I loved the mobile app it really did help to plan my agenda, and to be able make selections on the move, rate presentations, comment on the experience and interact with other delegates was fantastic. But I do have some feedback:

Syncing calendar:
This is a really good option, the ability to be able to copy into Outlook and therefore merge with private meetings with excellent, however if you later selected another session and selected copy it duplicated those that had already gone over and over the course of the week this happened to me three or four times. A nice thing unlike the Oracle Open World agenda planner was that you could select more than one session in a timeslot so that if you went to one and it turned out to be no good you could quickly pop your next choice; however combined with the calendar syncing that meant that some time periods I had seven or eight entries in my outlook and responding reminders.

Social Media Syncing:
There was also a great feature that allows you to sync with Twitter or Facebook, I try to keep work out of Facebook because believe what I do have non - Oracle friends but I love Twitter and for a conference it’s a great way for people not attending to have some of the experience.

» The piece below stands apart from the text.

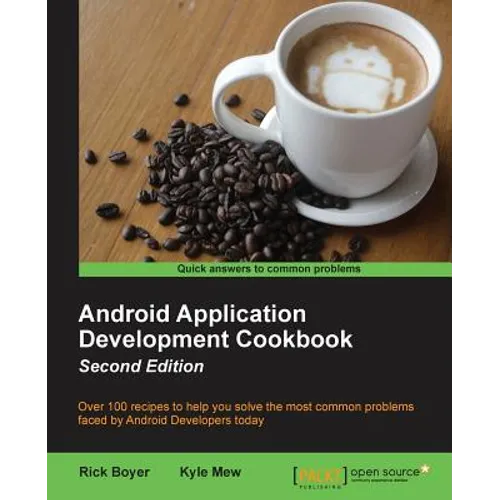 Android Application Development Cookbook - Second Edition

However ,and I think it is a simple enhancement, the Collaborate2014 hashtag #CLV14 should be added automatically and not have to be entered each time. 
Not being forced to sync with Twitter was also good because it measure could be selective and not flood Twitter with all the comments happening in Collaborate. It also meant that delegates who do not normally use twitter could take part within an audience limited to those using the app.

Leaderboard:
To encourage participation the app gave points for comments, likes, check in to sessions and feedback. I wish Ultan O 'Broin from the UX team have been there to give his wisdom on this example of gamification. It did encourage people to take part and there was a leaderboard that showed the top 20 participants but it also drove very annoying behaviour. Yes I love twitter and I’ve always got plenty to say and at the point the conference finished on Friday I was in seventh place but I added comments; many of those higher in the leaderboard gained their points by simply liking every comment, assessing every session, speaker and exhibitors in fact I’m not sure how some of them had time to attend sessions. It will only need to tweak of the scoring but it did become very annoying. This isn’t sour grapes I never wanted to be first and actually walked away the moment the conference finished, but it was fun and I met with the other leaderboarders  at the Collaborate Party.

This was the best conference app I’ve seen and with a few tweaks could be better.